RDC: Les conseils de l'ancien Premier ministre Sylvestre Ilunga à Sama Lukonde

Le nouveau Premier ministre Jean-Michel Sama Lukonde (à gauche) avec le sortant Sylvestre Ilunga Ilunkamba à Kinshasa, en RDC, le 17 février 2021 (Twitter / Bureau du Premier ministre de la RDC)

"Le Premier ministre est celui qui encaisse tous les coups"

Le Premier ministre sortant de la RDC, Sylvestre Ilunga Ilunkamba, a prodigué quelques conseils au moment de passer les rênes de la Primature à son successeur, Jean-Michel Sama Lukonde.

"C’est une fonction très enviée. Beaucoup de Congolais voudraient être Premier ministre, malheureusement c'est une fonction unique. Il n'y a qu'une seule personne qui l'occupe. Je vous souhaite bonne chance. Nous allons vous accompagner dans ce travail dont le peuple congolais est le premier bénéficiaire", a-t-il déclaré.

La cérémonie, connue dans le langage de Kinshasa sous le nom de "remise et reprise", a été très cordiale. Pour marquer le caractère solennel de l'occasion, elle s'est déroulée à l'hôtel du gouvernement de Kinshasa en présence du secrétaire général du gouvernement, Albert Ekumbaki Ombata.

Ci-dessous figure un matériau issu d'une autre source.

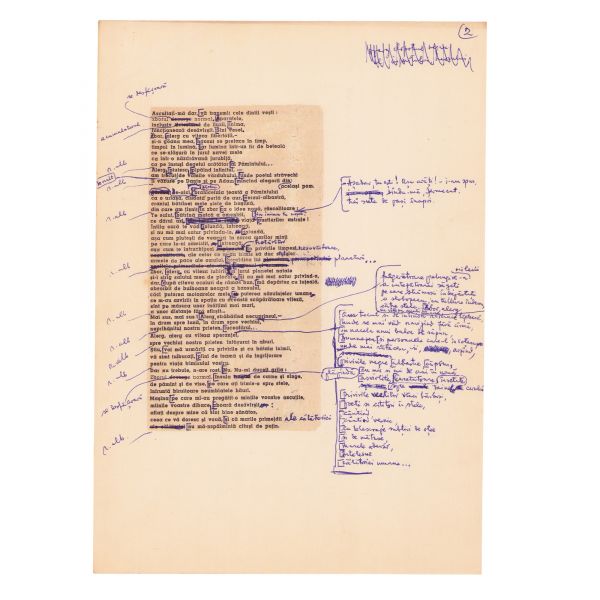 Arhiva de manuscrise cu poezii și versuri scrise de Geo Dumitrescu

Professeur d'universités, Ilunga Ilunkamba, 74 ans, a occupé ce poste du 7 septembre 2019 au 28 janvier 2021, avant la motion de censure le 22 janvier 2021 ayant conduit à sa démission.

"Le Premier ministre est le seul qui doit encaisser tout ce qui ne marche pas dans la république", a-t-il expliqué, comme rapporte sur Twitter, Prince Amri, Porte-parole du Parti Travailliste dans le Haut-Katanga.

Le successeur d'Ilunga Ilunkamba, Sama Lukonde, est un gestionnaire avisé. A 43 ans, il était déjà PDG du complexe minier de la Gécamines. Il se hisse au sommet de l'appareil gouvernemental à deux ans à peine avant que le président Félix Tshisekedi, au pouvoir depuis 2019, ne se présente à nouveau devant les électeurs.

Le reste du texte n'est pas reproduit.